6. Fit/train modelsimilar to previous example, we use the training data to train the model and find model parameters, such the predicted outcome as close as possible to desired outcome:
kmodel.fit(X_train, y_train)
7. Evaluate Model:
scores = kmodel.evaluate(X_test, y_test)
print('Accuracy: %' + str(scores[1]*100))

Putting it together

All of the above steps can be summarized into few lines of code. This easy and fast implementation is the most conspicuous characteristic of Keras, which has made it a mainstream tool for researchers to implement deep learning models. Fast and easy implementation allows researchers a fast experimentation cycle, where they can decide whether deep learning is a good option for their application.
kmodel = Sequential()
kmodel.add(Dense(nb_classes, input_shape=(dims,), activation='sigmoid'))
kmodel.add(Activation('softmax'))
kmodel.compile(optimizer='sgd', loss='categorical_crossentropy', metrics=['acc'])
kmodel.fit(X_train, y_train)
scores = kmodel.evaluate(X_test, y_test)
print('Accuracy: %' + str(scores[1]*100))

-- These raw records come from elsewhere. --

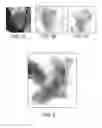 Fig. 09 - Method and system for multi-component heart and aorta modeling for decision support in cardiac disease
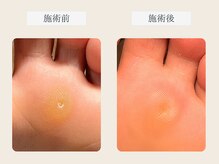 ルポ 伊勢/タコケア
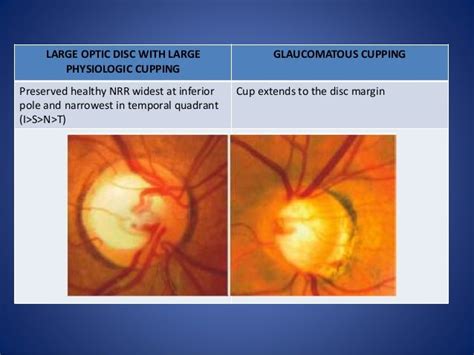 Optic disc evaluation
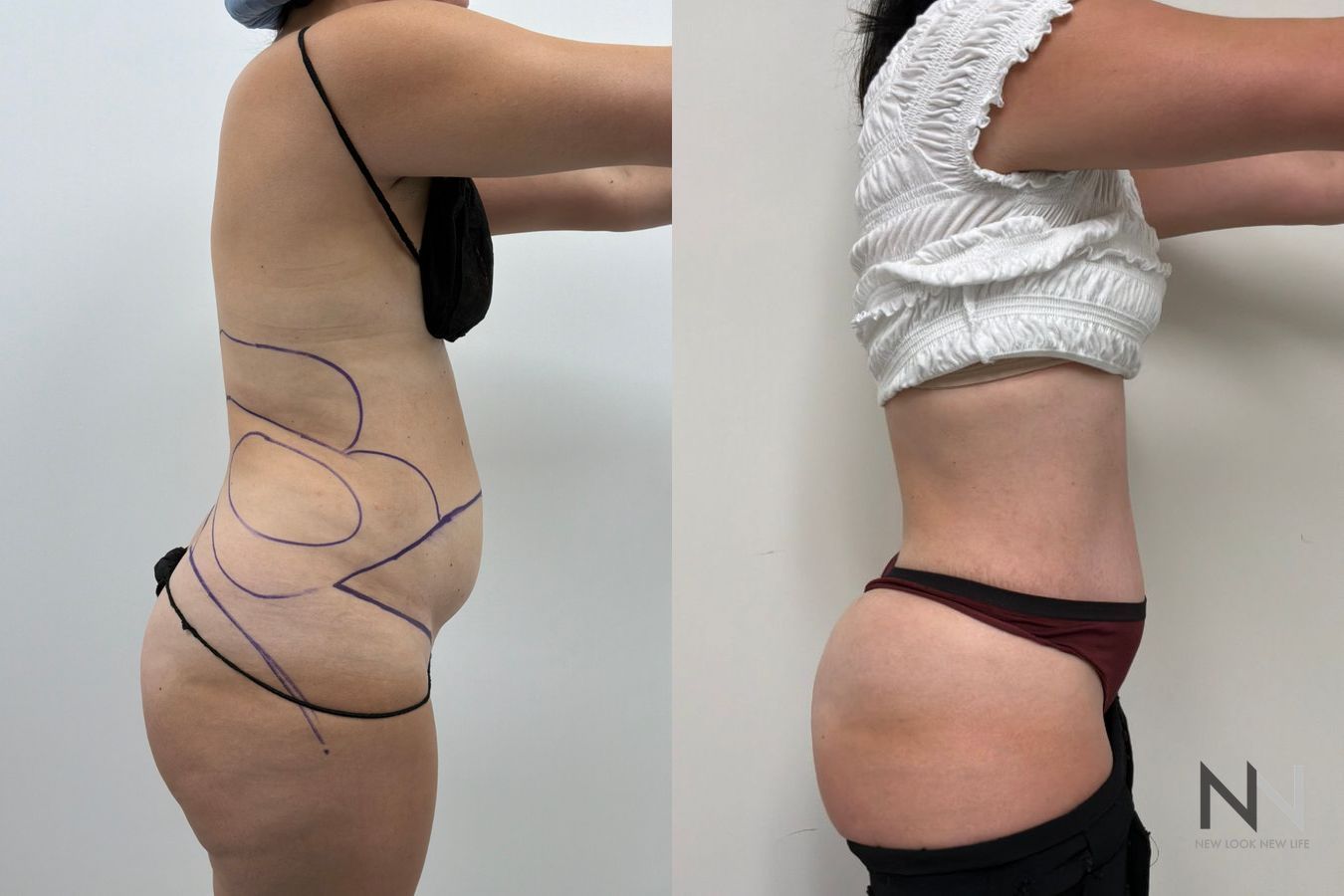 Abdominoplasty before and after showing improved abdominal contour and removal of excess skin by Dr. Claudia Kim in NYC. - Angle 2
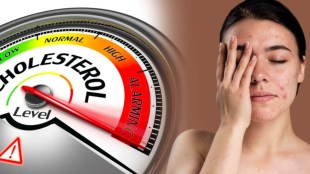 high cholesterol face symptoms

Deep Learning Hyperparameters

We talked about neural networks parameters including weights and biases. Parameters are the numbers that the machine learning algorithm learns in the learning process. For example, in logistic and linear regression, parameters are the coefficients that the algorithm learns. Hyperparameters are any knobs and numbers that you as the human are in control of. There are some obvious examples of hyperparameters, for example in regularization it's L1, L2 and drop out rate, both choosing the number for those parameters, but also the mere decision of whether to use those regularization parameters. In neural networks, number of hidden layers, number of neurons in each layer, activation function, cost function, network optimizer, metrics to evaluate model goodness and any other knob that you as the human specify about the algorithm are hyperparameters. In following sections, you will learn what is the role of each of these properties, and your options for each properties.

Activation Functions

As explained in previous chapter, a neuron is a unit that calculates the weighted sum of its inputs, adds a bias and depending on this calculated value (Y) and its activation function, decides whether it should fire or not. Without an activation function, the weighted sum of inputs plus bias could have any values between negative infinity to positive infinity. The neuron does not know the bounds of this value, therefore by adding an activation function, we can map these values to a certain range, based on which the neuron decides whether to fire or not. The question is, how do we choose what range to map the output values to, and which activation function to use?
The simplest form of an activation function is a step function, where the neuron fires if Y is greater than a threshold and does not otherwise. Step functions are a good choice for binary classification problems, however, they fall short when we have several categories or a continuous outcome.